Number 1 seems totally incorrect to me. The sample mean is always in the confidence interval. If the population mean is inside the confidence interval, you made the right decision (i.e., assuming the confidence interval is being used as an interval estimate for the population mean). If the null value of the population mean (i.e., the proposed value of the population mean under the null hypothesis) is inside the confidence interval, then you don't have enough evidence to reject the null hypothesis. In all these scenarios, there is no probability statement to be made. Once the confidence interval is computed and a statement is made about some mean's (known) status as inside or outside the interval, no probability statements can be made. Events either occurred or didn't occur. Probability only refers to statements about tendencies over multiple trials, but there is only one trial here that has already been realized.

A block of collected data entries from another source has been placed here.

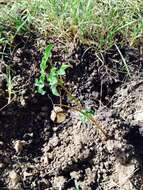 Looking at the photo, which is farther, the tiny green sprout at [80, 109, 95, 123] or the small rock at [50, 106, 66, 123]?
the small rock at [50, 106, 66, 123]

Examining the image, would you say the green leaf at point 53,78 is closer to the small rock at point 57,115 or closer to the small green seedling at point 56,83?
the small green seedling at point 56,83

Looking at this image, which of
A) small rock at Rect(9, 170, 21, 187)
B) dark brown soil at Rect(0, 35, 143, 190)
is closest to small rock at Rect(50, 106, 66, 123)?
dark brown soil at Rect(0, 35, 143, 190)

Number 2 is actually a little closer but is (as I understand it) closer to the interpretation of a Bayesian credible interval than a frequentist confidence interval. It's clear to me this author is talking about the population mean, which is what confidence intervals try to estimate. This is a common but incorrect interpretation of confidence intervals. Your statement "95% CI, once calculated, has 95% probability that it will include the population mean" is incorrect also, though. 95% CIs have a 95% probability of containing the population mean before they are calculated; once a sample has been drawn and a CI has been computed, the CI either contains or doesn't contain the population mean. There is no more probability involved because there is no random process to be realized; it has already been realized.
A correct statement about CIs is the following: in 95% percent of samples randomly drawn from a population, the computed 95% CI will contain the population mean. No probabilistic statements can be made about an individual confidence interval once computed. Although we don't know whether our computed CI contains the population mean, that uncertainty cannot be captured in a probability statement if we are operating under a frequentist perspective (which I assume you are, since confidence intervals are an inherently frequentist concept). The interval either contains or doesn't contain the population mean, and we don't know which is true. If we trust the CI-computing procedure, then we can be confident that our CI does contain the population mean, but that confidence is not associated with a true probability.